Source data START

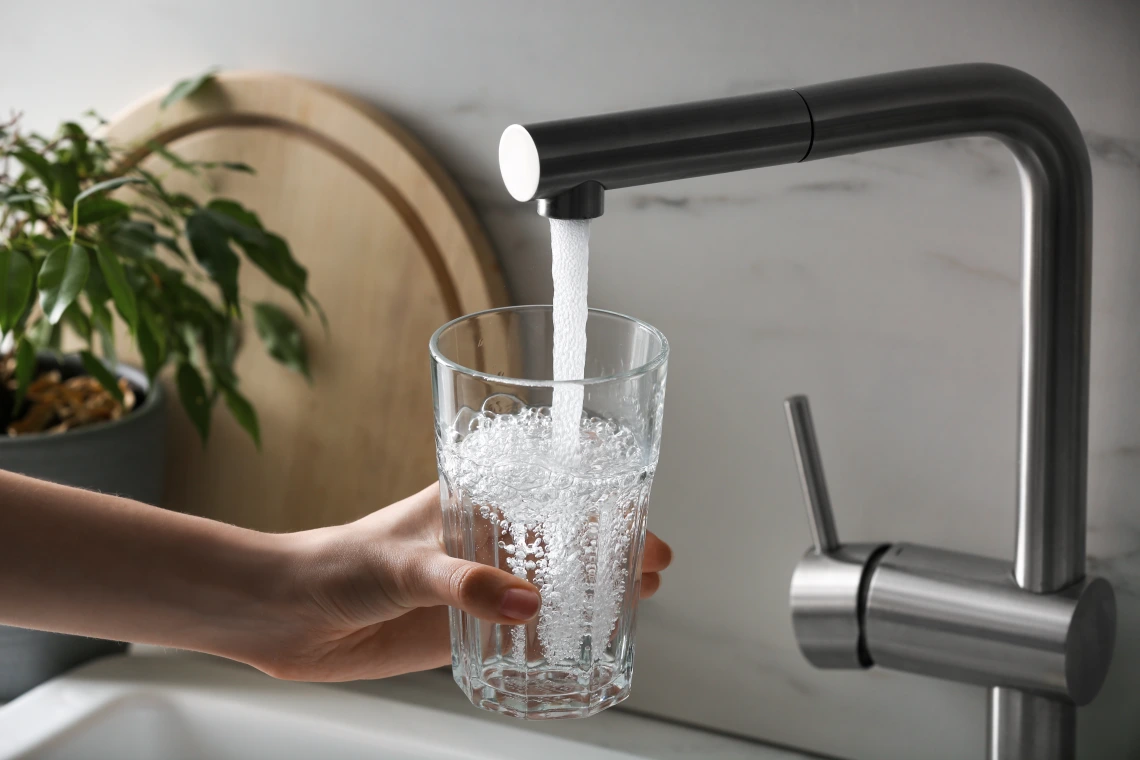 Filling Glass with Water from Kitchen Faucet
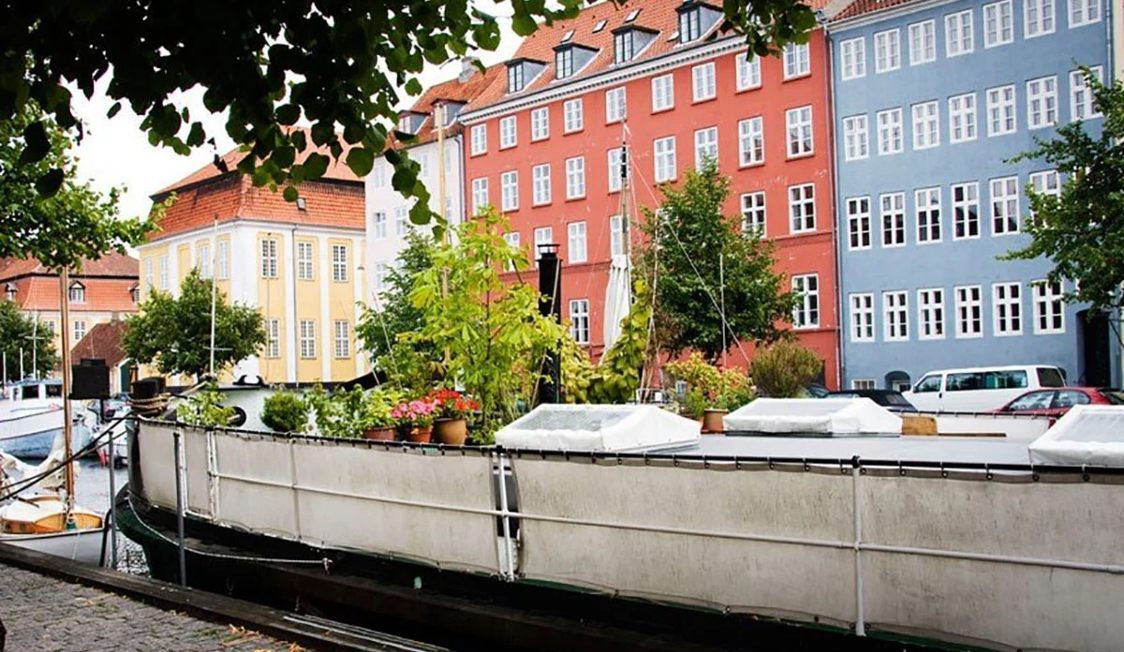 Kristianshavn husbåt vid färgglada byggnader och kanaler i Köpenhamn med gröna växter ombord.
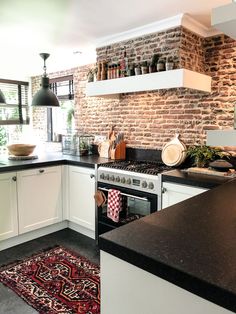 a kitchen with white cabinets and black counter tops, an area rug on the floor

Source data END

## About this task
Starting with the line that contains "Kristianshavn husbåt vid", repeat each line exactly until the listing ends, including the last one. Leave pictures out.

## Your response
 Kristianshavn husbåt vid färgglada byggnader och kanaler i Köpenhamn med gröna växter ombord.
 a kitchen with white cabinets and black counter tops, an area rug on the floor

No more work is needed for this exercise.